◆ **Crawled caption data**
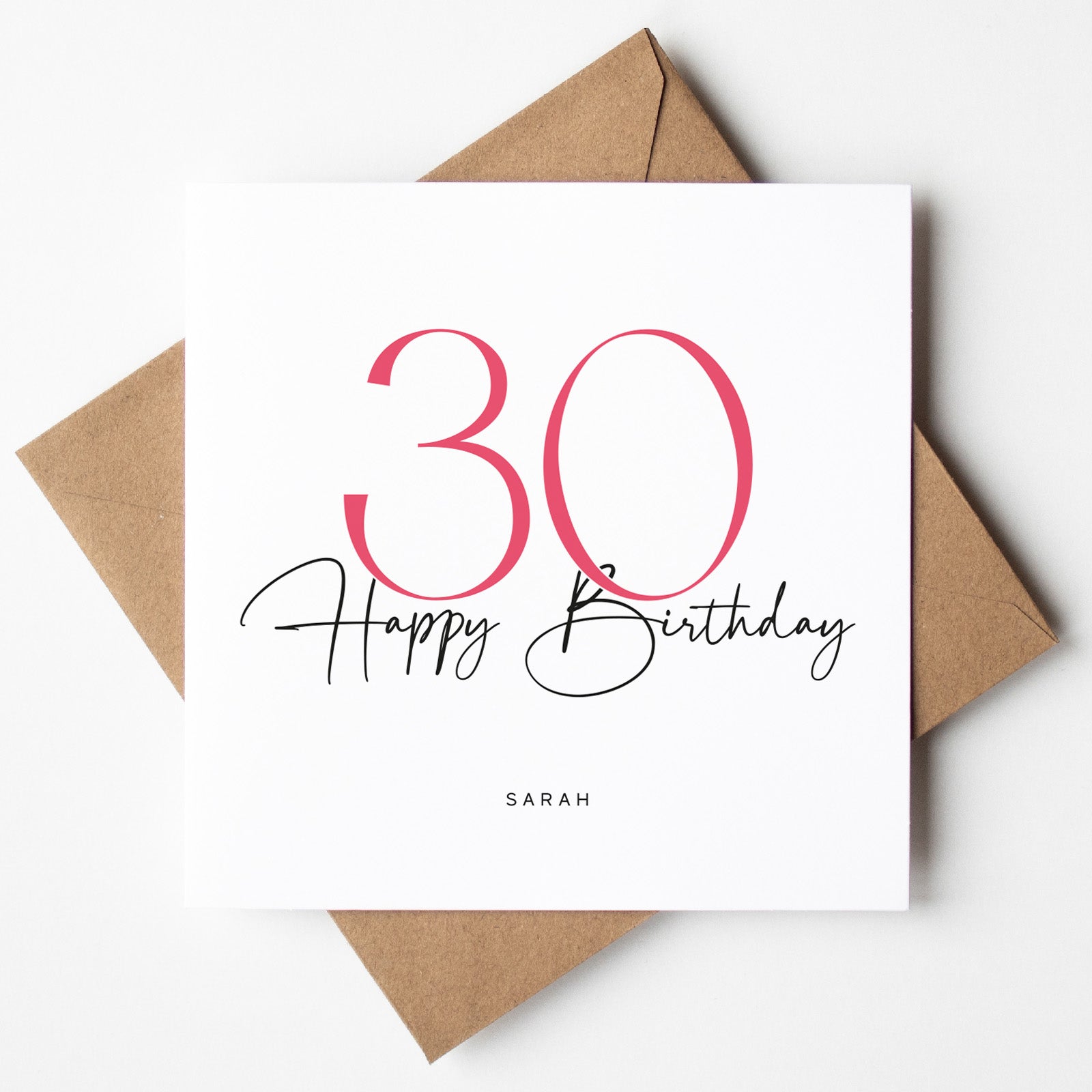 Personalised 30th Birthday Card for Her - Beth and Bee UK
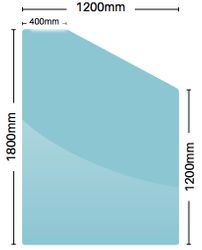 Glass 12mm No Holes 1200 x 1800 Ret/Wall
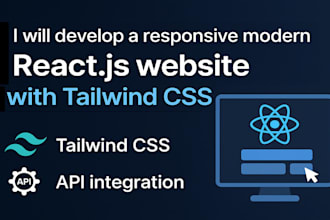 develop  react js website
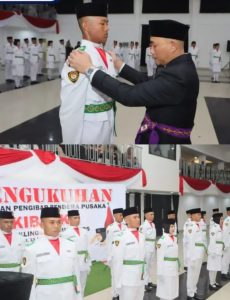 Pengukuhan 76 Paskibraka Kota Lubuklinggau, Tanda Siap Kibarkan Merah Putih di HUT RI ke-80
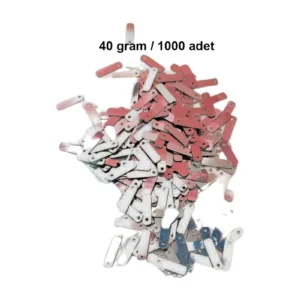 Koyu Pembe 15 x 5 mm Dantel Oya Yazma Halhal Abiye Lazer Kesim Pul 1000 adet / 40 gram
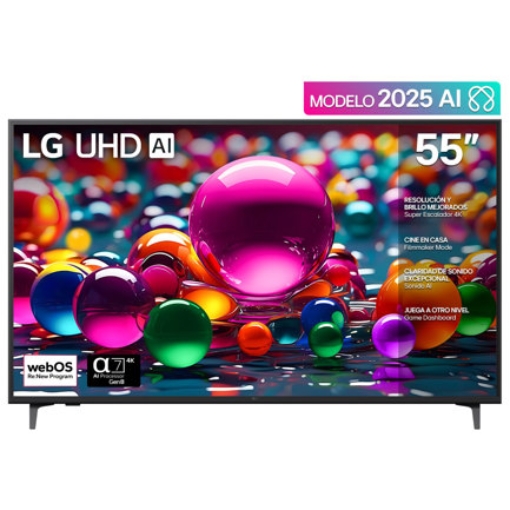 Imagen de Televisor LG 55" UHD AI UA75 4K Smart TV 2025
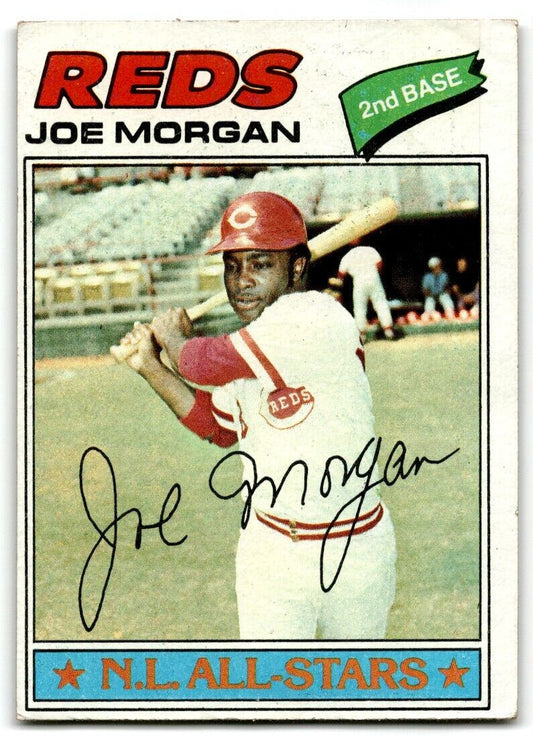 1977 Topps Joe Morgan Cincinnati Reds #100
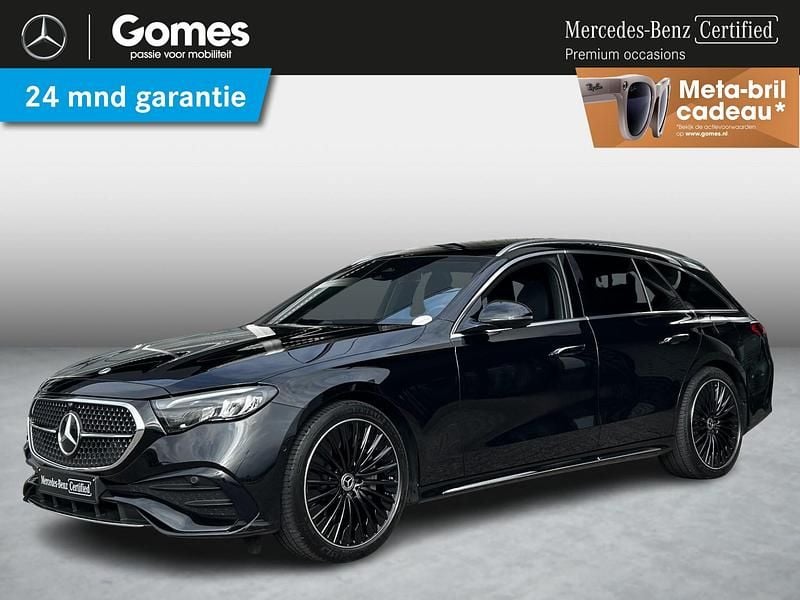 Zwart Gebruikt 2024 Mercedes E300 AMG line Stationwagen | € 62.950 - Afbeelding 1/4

◆ **Required action**
Images are to be skipped, and each line above is to be returned exactly.

◆ **Response to this task**
 Personalised 30th Birthday Card for Her - Beth and Bee UK
 Glass 12mm No Holes 1200 x 1800 Ret/Wall
 develop  react js website
 Pengukuhan 76 Paskibraka Kota Lubuklinggau, Tanda Siap Kibarkan Merah Putih di HUT RI ke-80
 Koyu Pembe 15 x 5 mm Dantel Oya Yazma Halhal Abiye Lazer Kesim Pul 1000 adet / 40 gram
 Imagen de Televisor LG 55" UHD AI UA75 4K Smart TV 2025
 1977 Topps Joe Morgan Cincinnati Reds #100
 Zwart Gebruikt 2024 Mercedes E300 AMG line Stationwagen | € 62.950 - Afbeelding 1/4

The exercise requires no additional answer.